I think places where the police still walk a beat (or other regular outreach over a wide area) and get to know the locals rarely have issues with regular people. But cities don't want to spend that kind of money on these things as they would rather not tax people to pay for it. Yet it's an investment in cities' future; otherwise you wind up with this.
I think you may be underestimating how much cities dedicate their budgets to police spending:
"Mayor Eric Garcetti's 2020-2021 city budget gives police $3.14 billion out of the city's $10.5 billion. That's the single biggest line item, dwarfing, say, emergency management ($6 million) and economic development ($30 million)." (In fact, LAPD is getting pay raises while LA teachers are getting a pay decrease)

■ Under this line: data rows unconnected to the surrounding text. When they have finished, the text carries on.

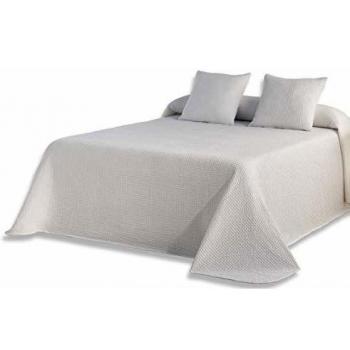 ESTELIA - Colcha Tejida + 2 Fundas de cojín Banús Color Blanco - Cama de 135/140 cm - 100% algodón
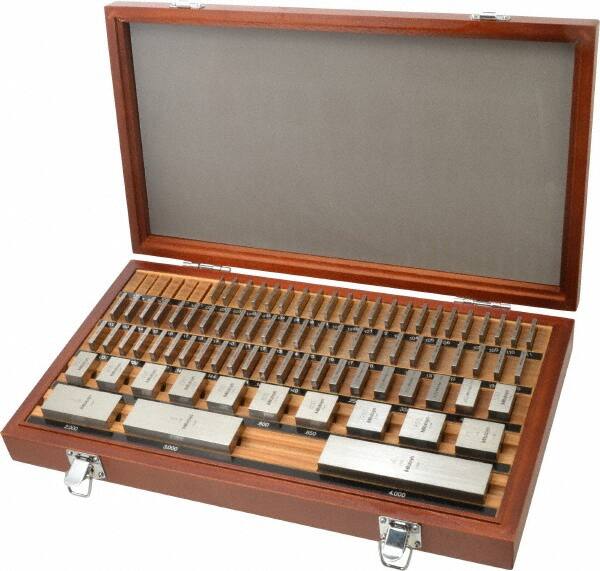 Mitutoyo - 81 Piece, 0.05 to 4", Grade 00, Steel Gage Block Set - Square, 3µ (0.05-1"), 4µ (2"), 5µ (3"), 6µ (4") Tolerance - Exact Tooling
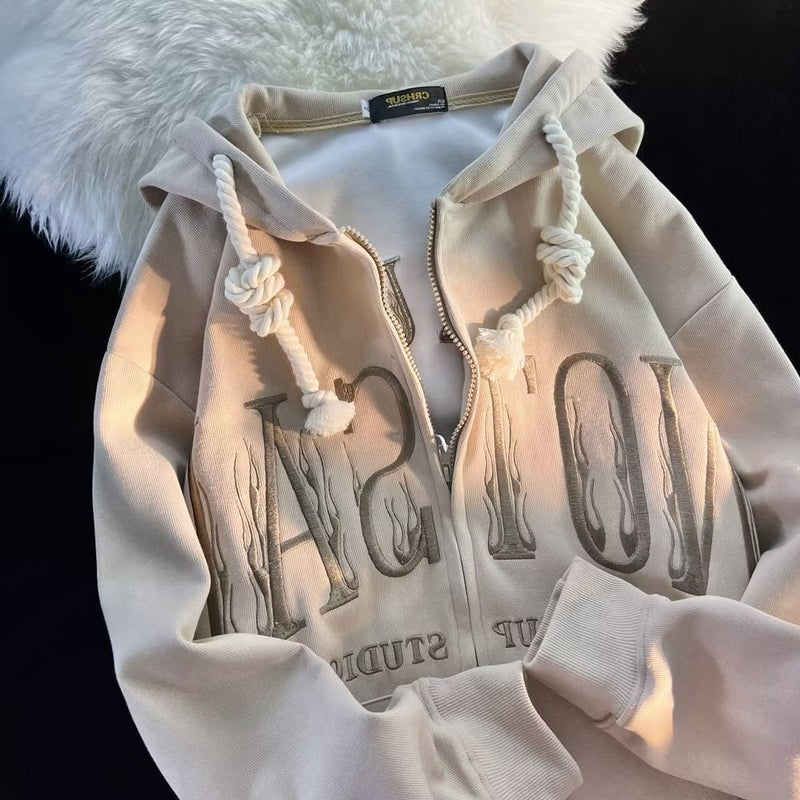 2022 Winter Thick Fleece Hoodie Womens Oversize Casual Top Khaki - Image 3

"New York City spends more on policing than it does on the Departments of Health, Homeless Services, Housing Preservation and Development, and Youth and Community Development combined."
"A whopping 39 percent of Chicago's 2017 budget went to police, and still the department got even more money, peaking in 2020 with a 7 percent increase to nearly $1.8 billion."
Note, this is, to the best of my knowledge, solely police, not even adjacent forces like e.g. fire departments or ambulances.
Regardless, as far as policing goes, NYC's 5 borough/county/city system is _much_ more complicated, which proponents might say justifies their (imo insane) $6 Billion(!) annual budget allocation, but if you compare that to NYC's $34 Billion [1] education budget, it looks a little more reasonable than LA's $3 Billion LAPD budget compared to LAUSD's $7 Billion [2] education budget.